▸ TASK BRIEF
Retype the listing below exactly, pictures removed.

▸ DATA PROVIDED
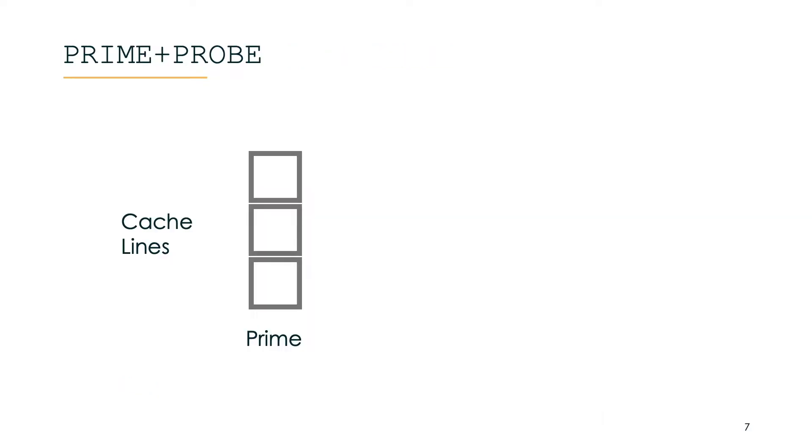One of the techniques to leak information from cache hits and misses is prime and probe. Let's look at this more closely as we also use prime and probe in our research but of course over the network.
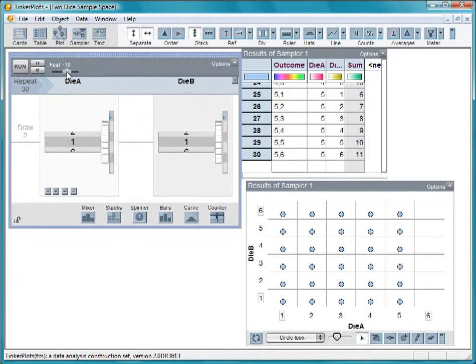When we get all the way through, we don't get to the column of 6s where die A goes to 6, so we are short 6 outcomes.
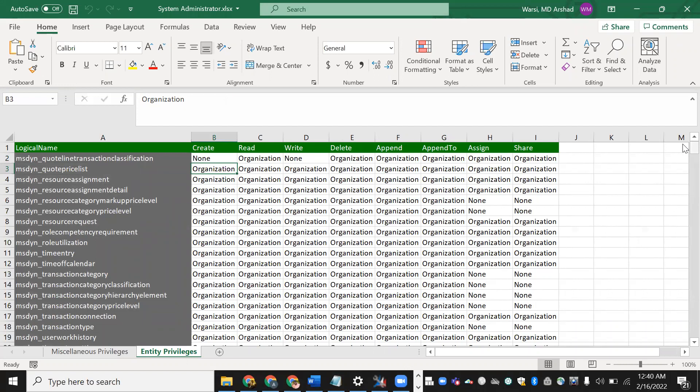This is the way you can export the security role using XRM Toolbox. I will put the XRM Toolbox official site link in the description below. I also have a blog where I have written all the steps for exporting and importing security roles from XRM Toolbox, along with interview questions and plugin-related questions. Visit my blog — I'll put the link in the description. Thank you so much.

▸ EXERCISE RESULT
One of the techniques to leak information from cache hits and misses is prime and probe. Let's look at this more closely as we also use prime and probe in our research but of course over the network.
When we get all the way through, we don't get to the column of 6s where die A goes to 6, so we are short 6 outcomes.
This is the way you can export the security role using XRM Toolbox. I will put the XRM Toolbox official site link in the description below. I also have a blog where I have written all the steps for exporting and importing security roles from XRM Toolbox, along with interview questions and plugin-related questions. Visit my blog — I'll put the link in the description. Thank you so much.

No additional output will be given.